We are living in a very volatile and dangerous age. Not only
have issues of domestic violence, child and animal abuse, anger in the
workplace and so on been more apparent, but we are definitely witnessing a rise
of violence within our communities. Gangs and individual assaults seem to be
taking a back seat to protests by militant groups claiming to seek justice but
who in actuality are promoting and engaging in acts of violence themselves.
What could be a peaceful gathering intent on seeking a reasonable solution to a
problem escalates to one of violence and often bloodshed. Angry and passionate
individuals determined to right an injustice only create further mayhem by
advocating and engaging in the very acts they condemn.
But is it possible for large masses of angry individuals to
successfully , reasonable, and peacefully find solutions to perceived issues of
extreme injustice? Yes, if both sides follow these ten recommended tips:
1. Approach other party(s) in a non hostile non aggressive
way.

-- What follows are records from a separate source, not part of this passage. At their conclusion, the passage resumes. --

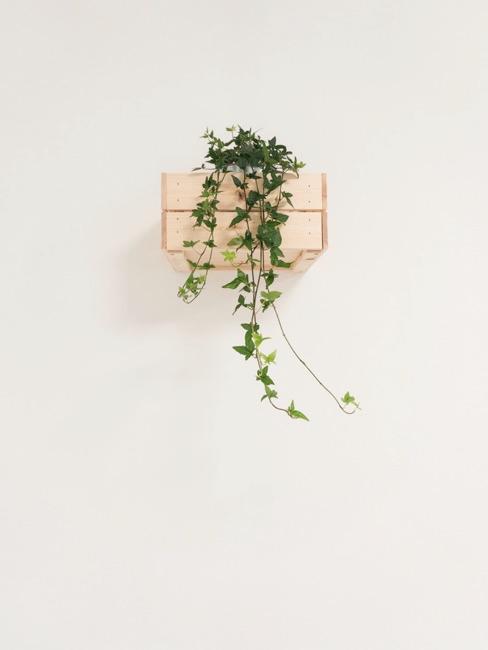 Estanterías para plantas Estanterías para plantas en una pared blanca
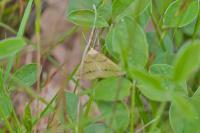 Aspitates ochrearia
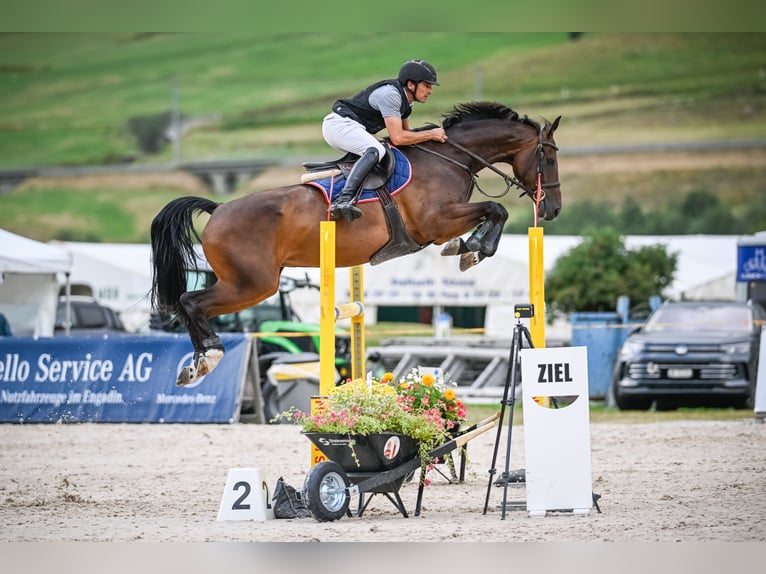Warmblood suizo Caballo castrado 9 años 167 cm Castaño oscuro in Diepoldsau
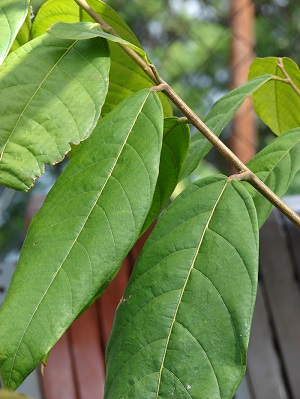Theobroma cacao (Cacao, cocoa tree). Leaves. Kula Ace Hardware and Nursery, Maui, Hawaii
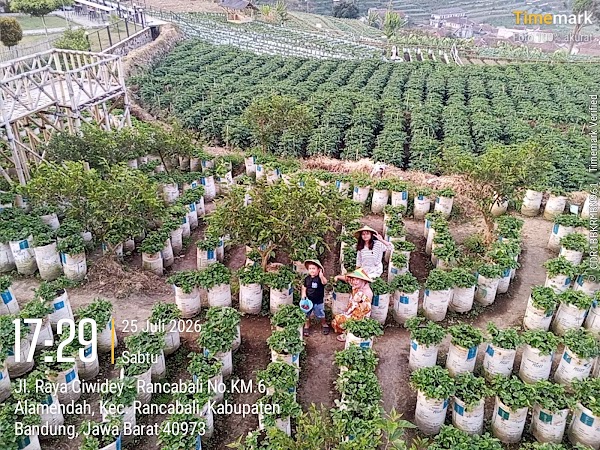Garden Berry - Petik Strawberry Sendiri 1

By taking a non threatening approach the other party feels relatively
confident that they are not at risk physically or otherwise and therefore the
need for a defensive response is unnecessary.

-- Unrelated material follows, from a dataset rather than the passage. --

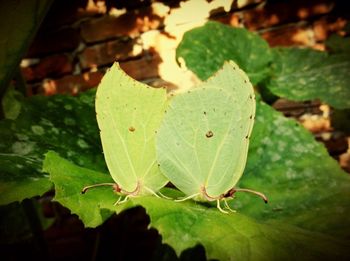 Close-up of leaves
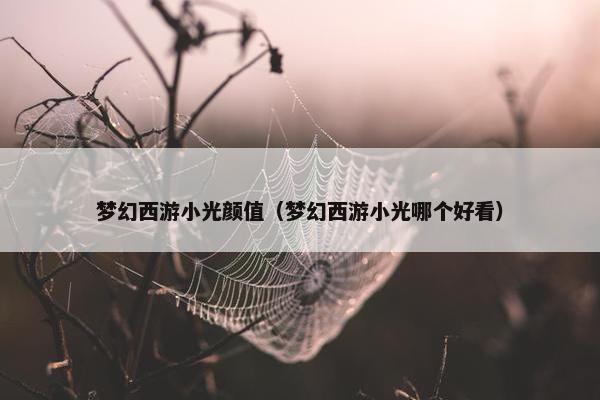 梦幻西游小光颜值（梦幻西游小光哪个好看）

2. Be open minded and fair in the way you present your
grievances. Refrain from using such phrases as "you always", "we
never" "it can't". In each case, one assumes a scenario that is
not necessarily true, appears extreme and unrealistic, and creates a mindset of
preconceived defeat.
3. Be respectful in the way you speak to and treat one
another. Passion need not translate into disrespectful or degrading conduct
towards the disagreeing party. Always be mindful that the amount of cooperation you receive from the other party is in direct
proportion to the amount of respect you afford them. So be generous.
4. Deal with facts,
not simply feelings. Too often we rant about how angry or hurt or offended we
are. Dealing with facts enables us to more accurately see the true nature of
the incident. Adding feelings to the dialogue lends a deeper level of
understanding as to how the incident is impacting both sides.

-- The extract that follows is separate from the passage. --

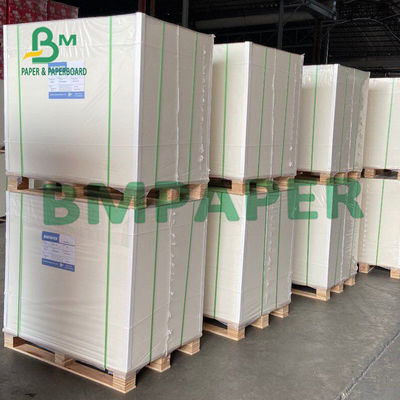 Lembar Kertas Papan Blister 300gsm 450μM Untuk Kemasan Blister Perangkat Keras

5. Keep everything in the proper perspective. Exaggerating
may add an element of drama but is only effective on stage. Deal with the
serious issues and leave those of lesser importance for another time.
6. Remove any extraneous issues; stick to the original
topic. When discussing a serious issue, refrain from going off on tangents.
It's easy to become distracted by related issues but only takes precious
resources away from the primary one.
7. Refrain from any inflammatory or accusatory statements.
Quickly diffuse any that may occur. Accusations, blame, assumptions, and
exaggerations can all incite. There are those who will deliberately try to
provoke the other into losing control. Be aware of the intent and nature of
every comment and quickly diffuse anything that can escalate to something more
serious. Don't ever take the bait.
8. Listen objectively with the intent to understand the
other person, to gain deeper insight into the nature of the conflict, and to
extract any possible solutions or partial solutions offered by the other party.
9. Be willing to compromise, recognizing that each side
believes their position is valid and correct.
10. Show appreciation for the time and effort the other side
has put forth. A little appreciation goes a long way and can enable both sides
to reach a peaceful resolution more efficiently and quickly.
With true concern for the well-being of each other and a
sincere desire to resolve the issue peacefully, anyone can find a reasonable
solution to any challenge by following the above Ten Tips. It can be
challenging but with practice and determination and a sincere regard for
justice, one can realize the path to coexisting harmoniously with others. And
we certainly are all deserving of that.
Let me reiterate:
"The amount of cooperation you receive from the other party is in direct
proportion to the amount of respect you afford them." Be generous.